Courses

• GRS BI 937: Research in Marine Biology
  
• GRS BI 938: Research in Marine Biology
  
• GRS BI 939: Research in Neurobiology
  
• GRS BI 940: Research in Neurobiology
  
• GRS BI 941: Research in Evolution
  
• GRS BI 942: Research in Evolution
  
• GRS BI 943: Research in Pharmacology
  
• GRS BI 944: Research in Pharmacology
  
• GRS BI 945: Research in Forest Ecology
  
• GRS BI 946: Research in Forest Ecology
  
• GRS CC 699: Teaching Core
  
• GRS CH 621: Biochemistry I
  Undergraduate Prerequisites: CAS CH 204 and CAS CH 212; or equivalent; graduate status.
  Graduate Prerequisites: CAS CH 204 and CAS CH 212; or equivalent; graduate status.
  Introductory biochemistry. Protein structure and folding enzyme mechanisms, kinetics, and allostery; nucleic acid structure; lipids and membrane structure; bioenergetics; vitamins and coenzymes; introduction to intermediary metabolism. Three hours lecture, four hours laboratory, one hour discussion. Same as GRS BI 621. Lecture and laboratory meet with CAS BI/CH 421.
• GRS CH 622: Biochemistry II
  Graduate Prerequisites: GRS CH 621; or equivalent.
  Polysaccharides, energy storage and recognition; intermediary metabolism; lipid and isoprene metabolism; nitrogen metabolism; nucleotide metabolism; macromolecular biosynthesis with emphasis on specificity and fidelity in the mechanisms of RNA, DNA, and proteins synthesis. Three hours lecture, four hours laboratory, one hour discussion. Same as GRS BI 622. Lecture and laboratory meet with CAS BI/CH 422
• GRS CH 625: Enzymology: Mechanisms of Enzymatic Reactions
  Undergraduate Prerequisites: CAS CH 421; or equivalent, or consent of instructor.
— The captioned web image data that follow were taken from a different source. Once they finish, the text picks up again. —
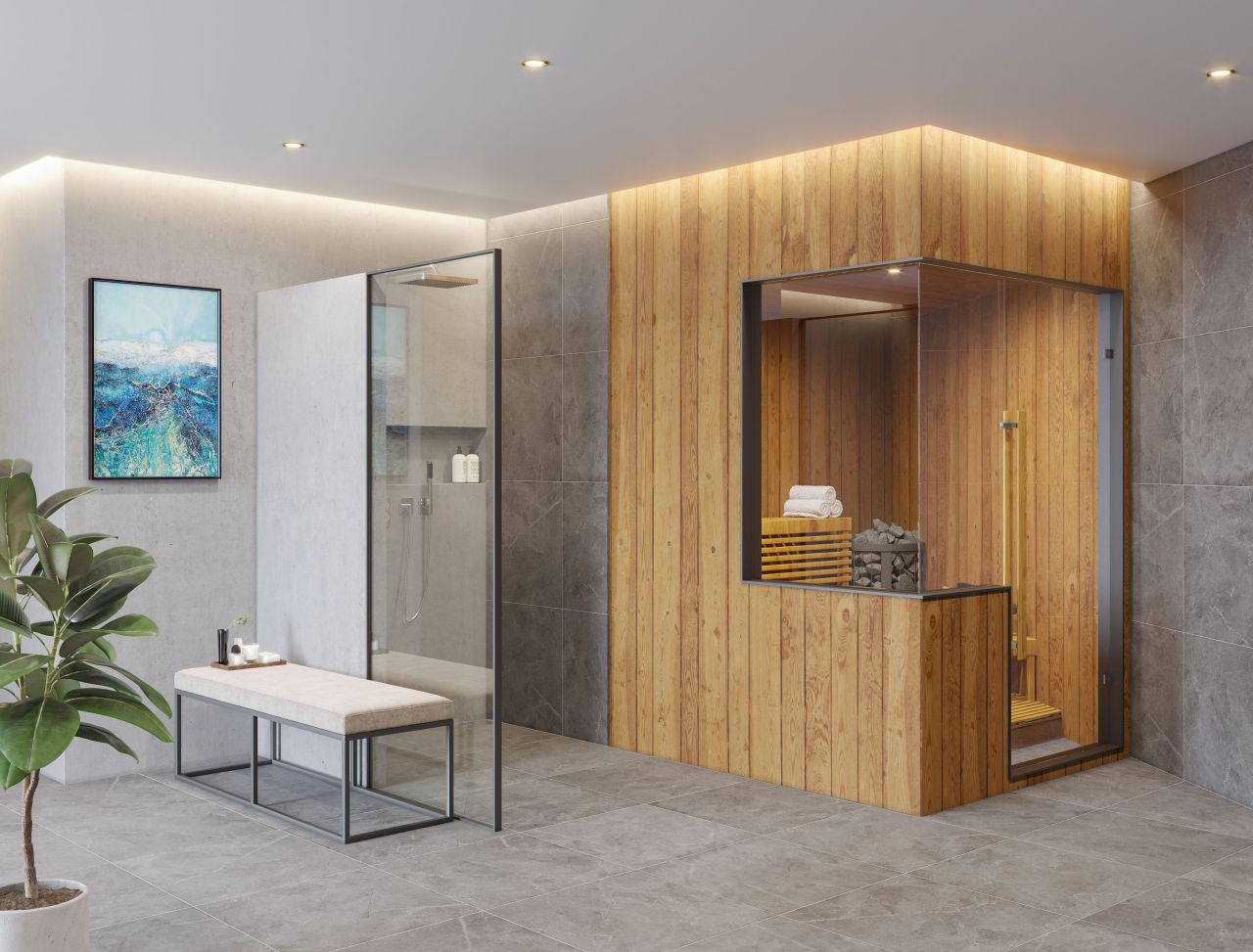 Квартира в Паттайе, Таиланд, 47.52 м² - фото 7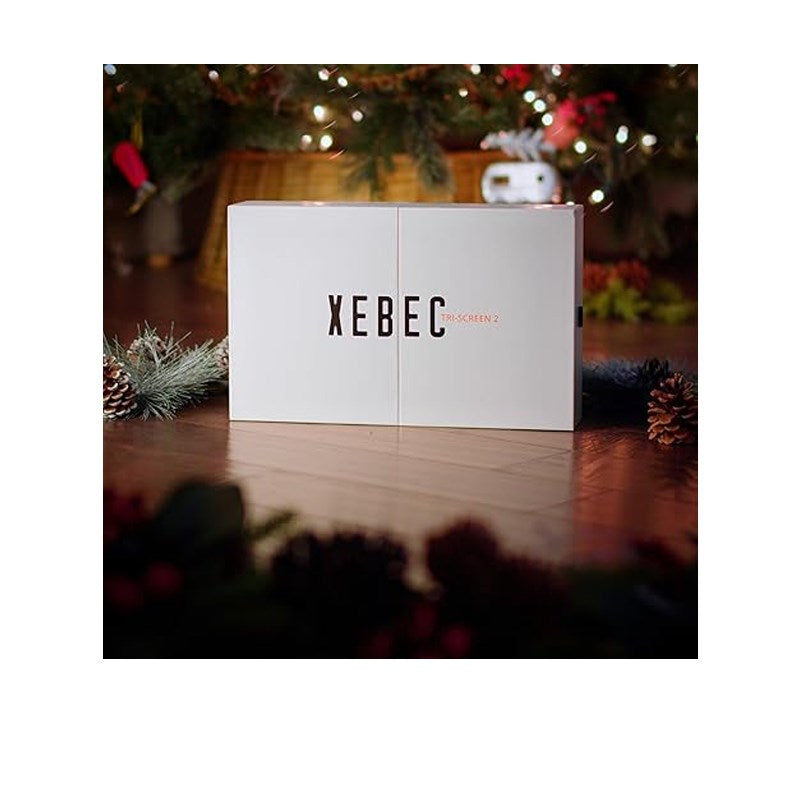 Xebec Tri-Screen 10.1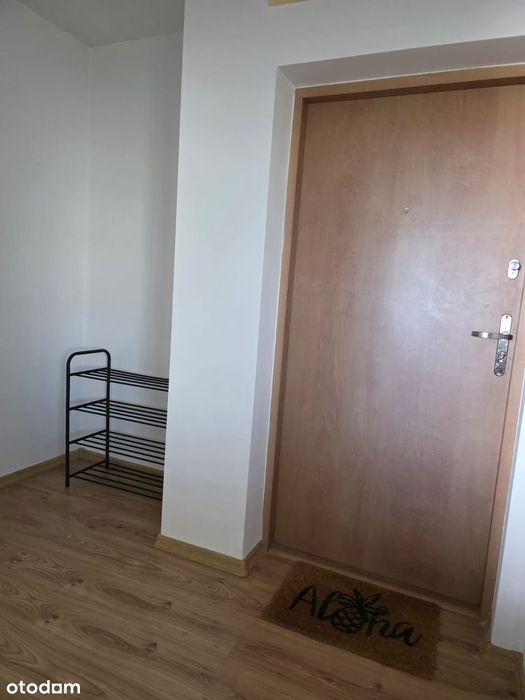 Poznań, Os. Chrobrego 24 | 50 m² | 7. piętro | Komórka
  Covers enzyme structure-function relationships. A tool-box of methods is presented, including kinetics (steady state and pre-steady state methods), isotope effects, stereo-chemical methods, site-directed mutagenesis, methods to replace natural with unnatural amino acids, mechanism based inhibitors.
• GRS CH 626: Epigenetics
  Undergraduate Prerequisites: CAS CH 421; or equivalent, or consent of instructor.
  Surveys protein post-translational modifications and DNA/RNA processing, including mechanistic enzymology of protein and DNA modifications, signal transduction induced by the modifications, and related practical applications.
• GRS CH 627: RNA Structure and Function
  Undergraduate Prerequisites: CAS CH 421; or equivalent, or consent of instructor.
  Chemical and structural biology of natural RNA molecules, including ribosomal RNA, catalytic RNA (ribozymes), siRNA (small interfering RNA), and other small transcribed RNA molecules. Some attention to biological function, but main focus is not RNA cell and molecular biology.
• GRS CH 629: DNA Nanotechnology
  Undergraduate Prerequisites: CAS CH 412; or equivalent, or consent of instructor.
  Structural biology of DNA. Synthetic DNA objects, DNA templated synthesis, DNAzymes. While biological function is mentioned, the main focus is DNA in nanotechnology, not the involvement of DNA in cell and molecular biology.
• GRS CH 631: Advanced Coordination Chemistry I: Structure and Bonding
  Undergraduate Prerequisites: CAS CH 232; or equivalent, or consent of instructor.
  The interdependence of chemical bonding, spectroscopic characteristics, and reactivity properties of coordination compounds and complexes are described and formalized using the fudamental concept of symmetry, as applied to inorganic coordination complexes. Three hours lecture.
• GRS CH 632: Advanced Coordination Chemistry II: Inorganic Reaction Mechanisms
  Undergraduate Prerequisites: CAS CH 232 and CAS CH 214; or consent of instructor.
  The mechanistic study of ligand substitution and electron transfer processes in coordination compounds are discussed in the context of basic molecular orbital theory. The connections between small molecule inorganic and biological macromolecular metal-catalyzed processes are presented. Three hours lecture.
• GRS CH 633: Physical Methods for Inorganic and Bioinorganic Chemistry
  Undergraduate Prerequisites: CAS CH 232 and CAS CH 352 or GRS CH 631; or equivalents, or consent of instructor.
  A discussion of the physical techniques for the study of structural, magnetic, and redox-active properties of transitional metal complexes. Techniques discussed include x-ray crystallography; x-ray absorption; vibrational, NMR, EPR, and Mossbauer spectroscopies; and electrochemistry. Three hours lecture.